Participants explained how mesh systems were cleared by FDA for marketing through the 510(k) process. They expressed concerns that the 510(k) process allows unproven medical devices onto the market, inasmuch as clearance does not require proof of safety or efficacy of class I or class II devices. As a result, they said, an uninformed, unaware public is endangered daily by unsafe and unproven medical devices.
The organization specifically recommended that the committee consider the following changes in the 510(k) clearance process:
Educate the American public about the difference between premarket approval and premarket notification.
Make adverse-event reporting mandatory, with clear consequences for silence by doctors, hospitals, and medical device makers.
Create a specific guide for FDA and CDRH to make better use of their regulatory authority.
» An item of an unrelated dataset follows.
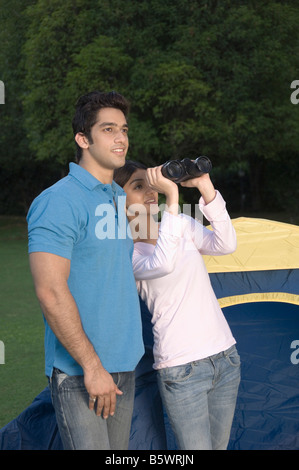 Frau, die durch ein Fernglas mit einem Mann, der neben ihr Stand Stockfoto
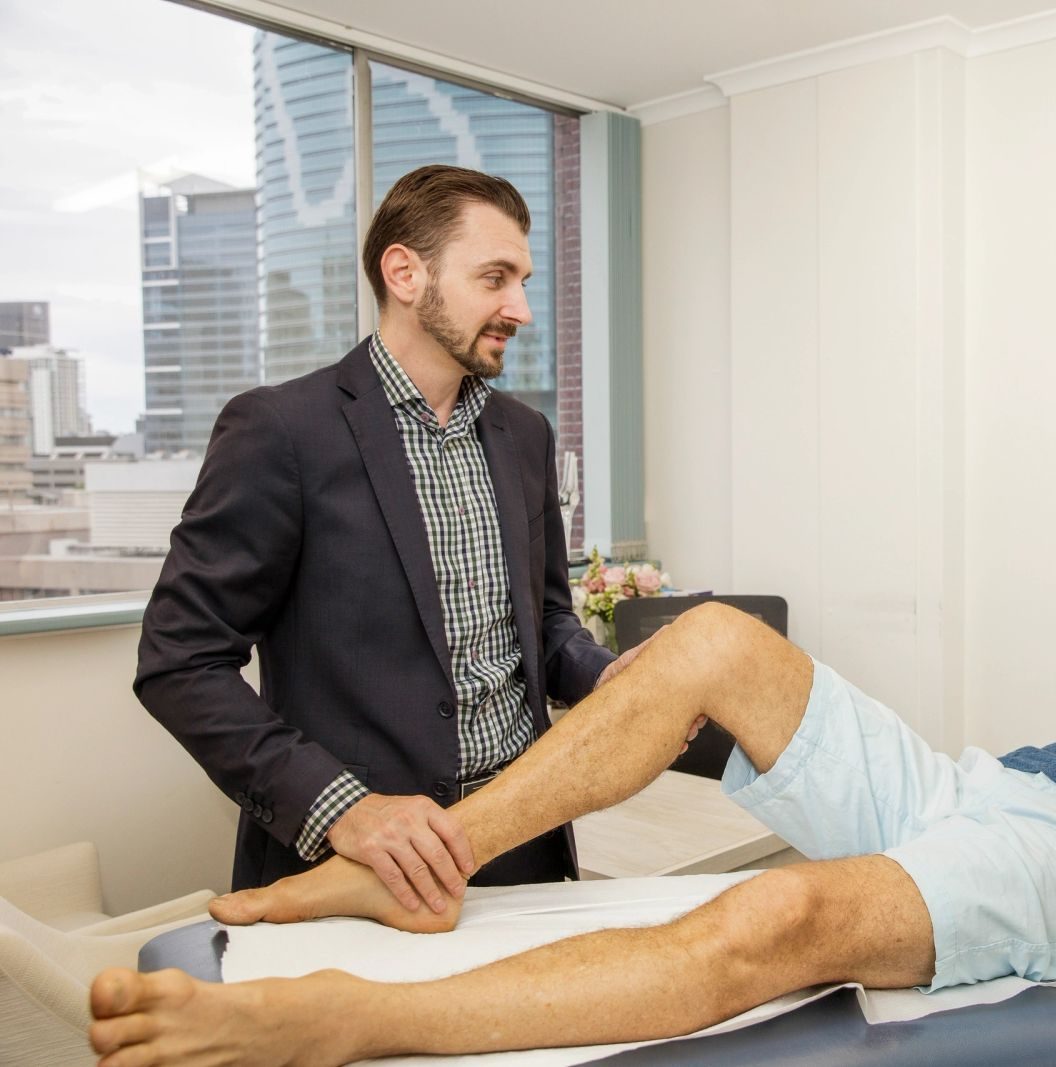 Minced cartilage autograft: Dr Alexey Borshch examining a patient's knee during a consultation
The decision-making process for when and how to use FDA’s regulatory authority should not be left to the discretion of agency employees.
Include a mechanism which stops medical device makers from paying doctors to use products off-label to increase the sales of their products.
Participants called for expansion of informed consent, making it mandatory, for example, for a medical implant device package insert to be reviewed by the doctor with the patient 3–7 days before surgery (not on the day of surgery or when the package is opened in the operating room). It was also stressed that stakeholder involvement should be a critical component of the 510(k) process. One suggestion was for FDA to meet regularly with patients who have been adversely affected by the process. Participants also said that the 510(k) process should be more transparent.